■ GIVEN ENTRIES:
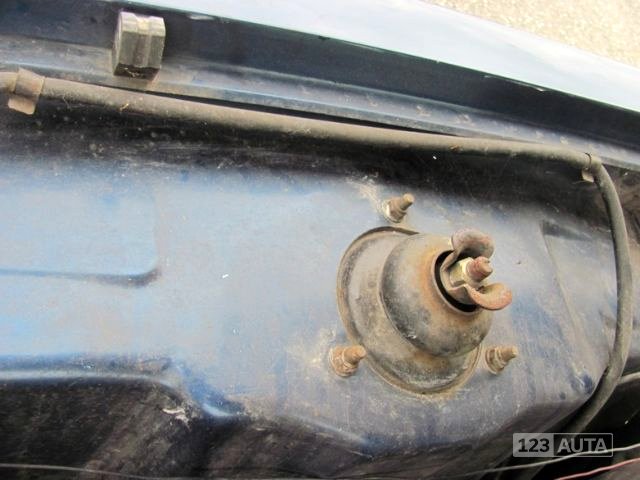 Ford Capri, 1981 - pohled č. 15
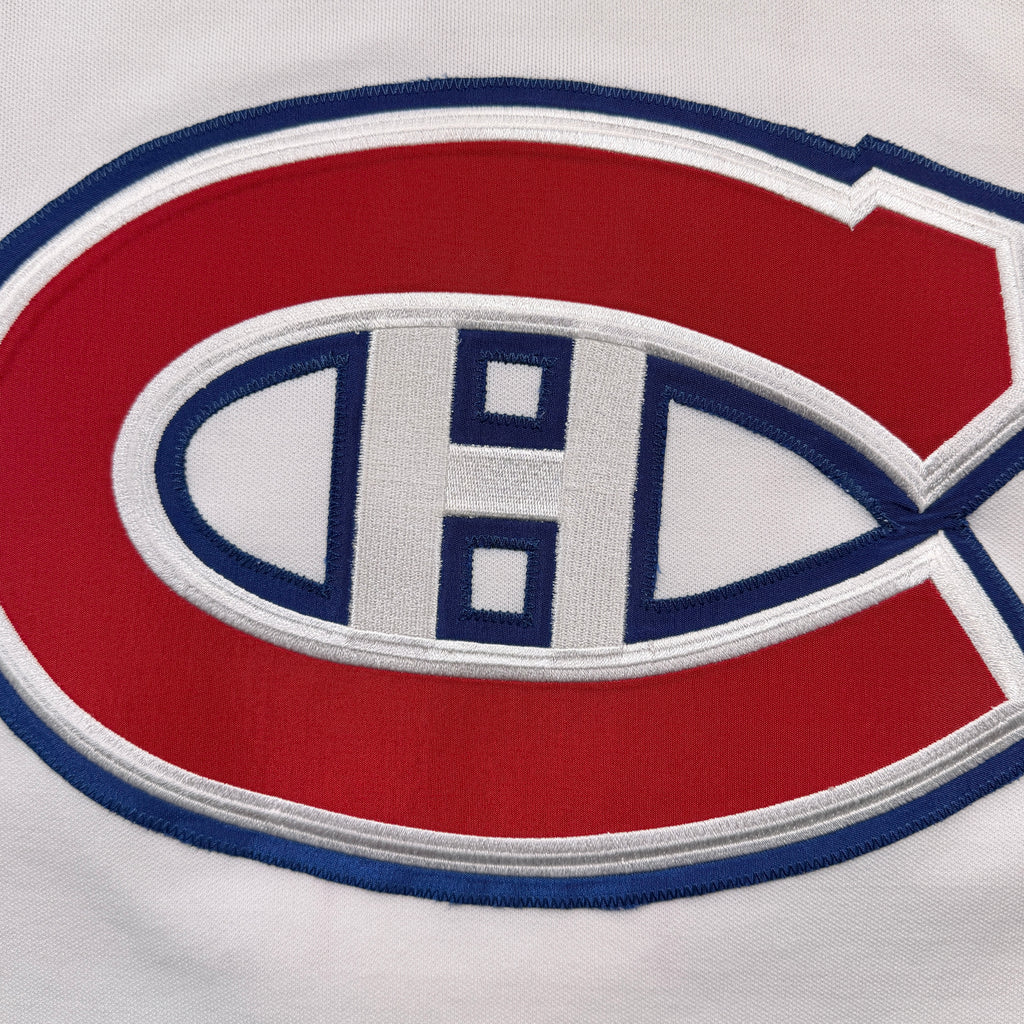 Trevor Linden Montreal Canadiens Vintage Pro Player Authentic NHL Jersey - 54/XL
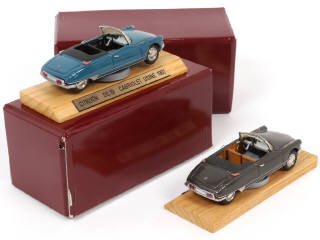 Lot 179 - FRANCE MINIATURES (FRANCE) (2)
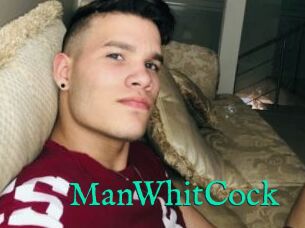 ManWhitCock
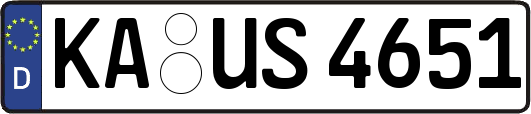 KA-US4651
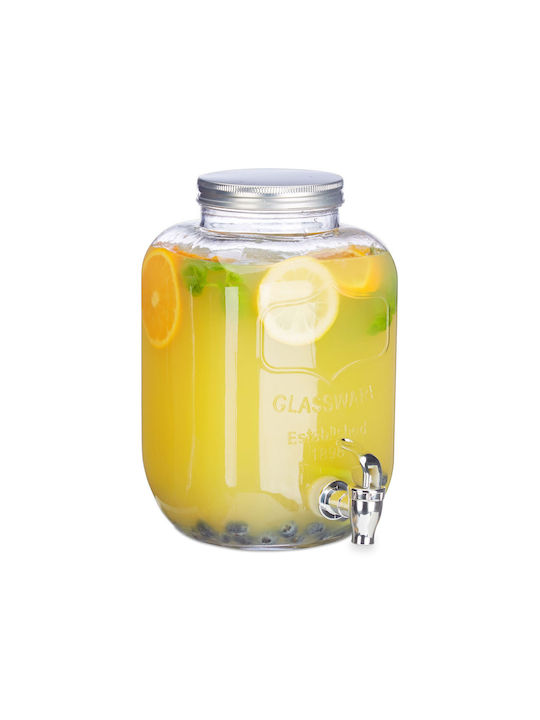 Relaxdays Κανάτα 5000ml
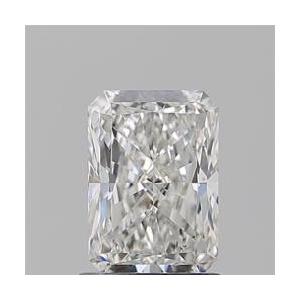 Radiant 1.23 carat G VS2 Photo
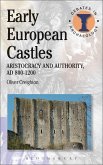 Early European Castles (eBook, ePUB)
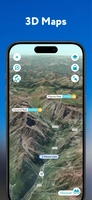 Screenshot 1 of PeakVisor
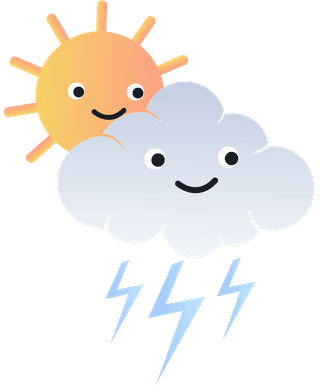 weatherdesign-elements-stylized-cloud-sun-moon-icons-584068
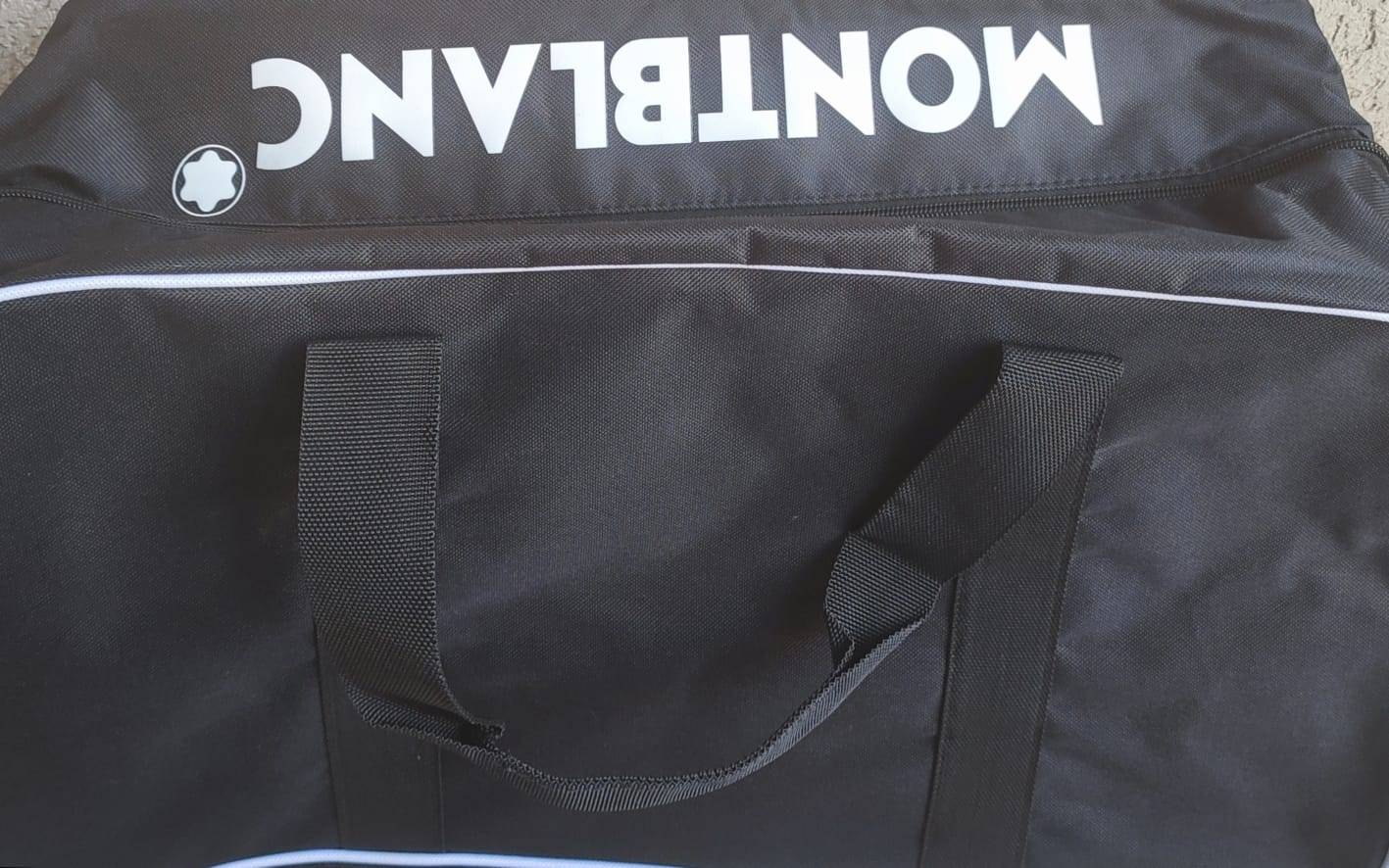 BOLSO MALETA NUEVO MONTBLANC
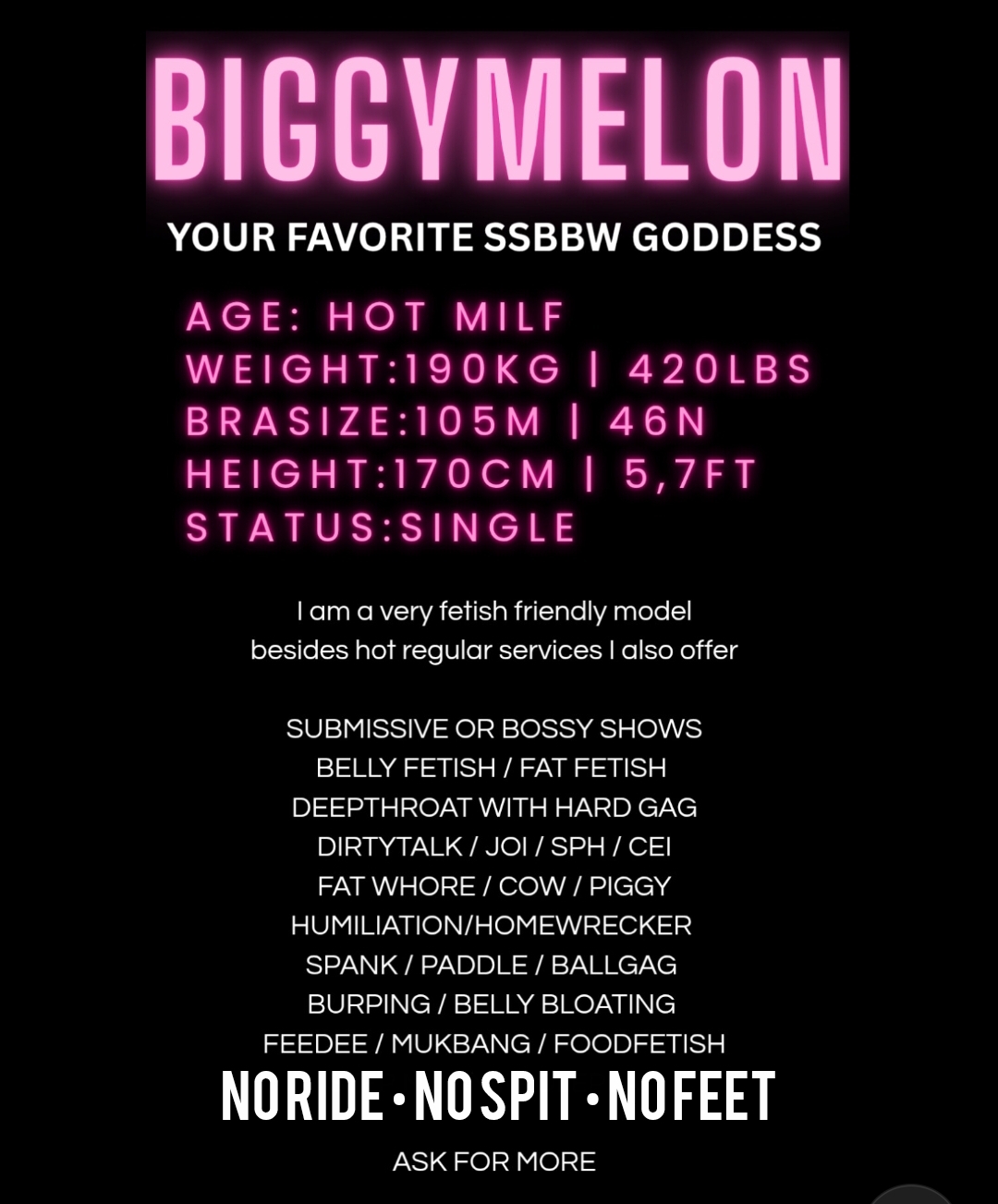 Interprète BiggyMelon Photo 2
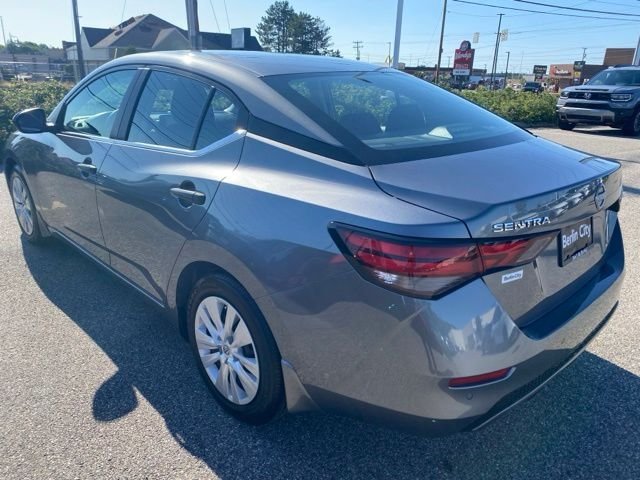 Used 2024 Gun Metallic Nissan S image 7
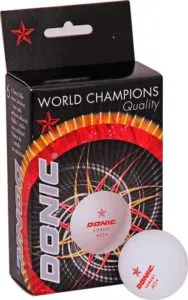 Donic donic 1 Table Tennis Ball Pack Rs 69 flipkart dealnloot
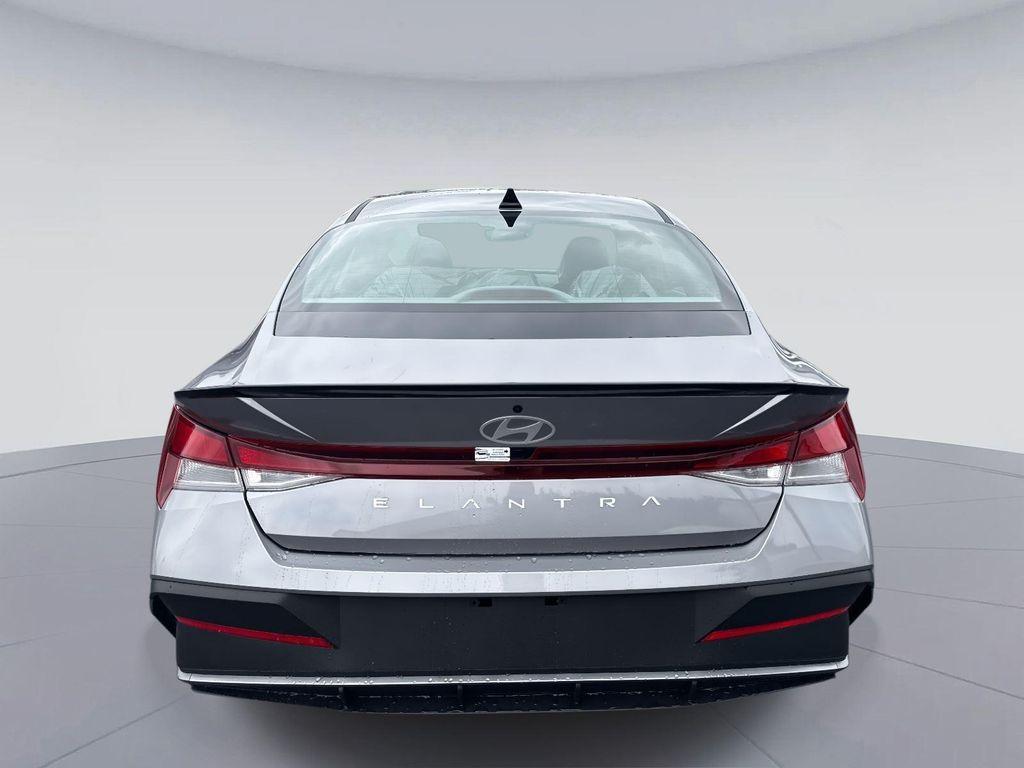 new 2026 Hyundai Elantra car, priced at $23,773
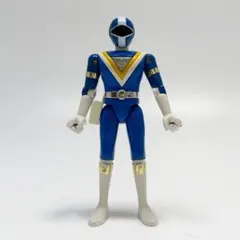 地球戦隊ファイブマン ファイブピンク 当時物 フィギュア 超合金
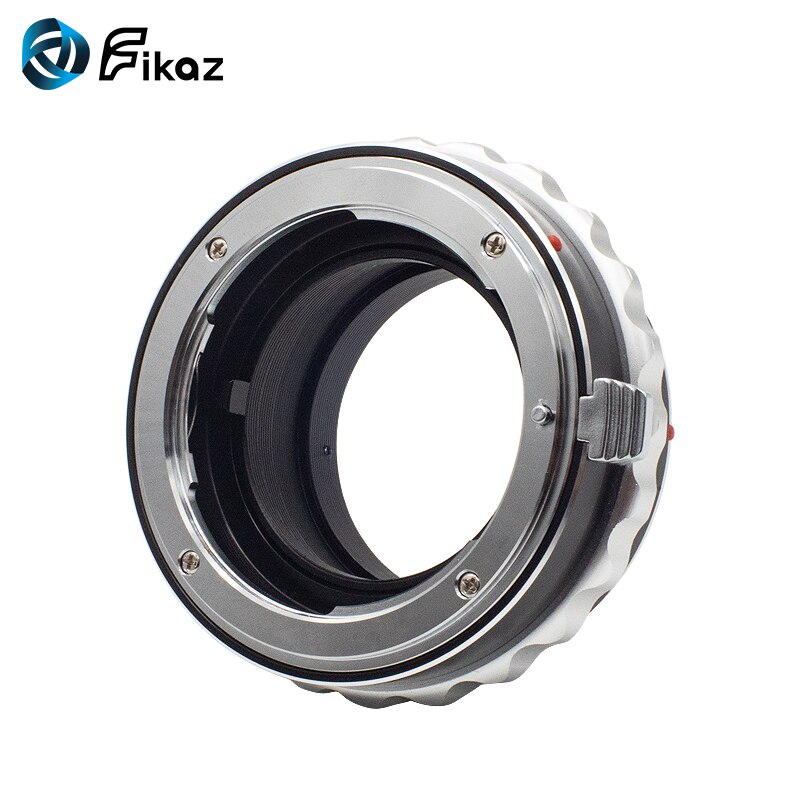 Fikaz Lens Mount Adapter Ring For Nikon G Mount F/AI/G Lens to Sony E-mount NEX NEX-3 NEX-3C NEX-3N NEX-5 Alpha a6000 a5000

■ EXERCISE: Your answer should be the exact lines above from the one containing "BOLSO MALETA NUEVO MONTBLANC" through the one containing "地球戦隊ファイブマン ファイブピンク 当時物 フィギュア 超合金", with both end lines kept and the pictures removed, please.

■ SOLUTION TO THIS PROBLEM:
 BOLSO MALETA NUEVO MONTBLANC
 Interprète BiggyMelon Photo 2
 Used 2024 Gun Metallic Nissan S image 7
 Donic donic 1 Table Tennis Ball Pack Rs 69 flipkart dealnloot
 new 2026 Hyundai Elantra car, priced at $23,773
 地球戦隊ファイブマン ファイブピンク 当時物 フィギュア 超合金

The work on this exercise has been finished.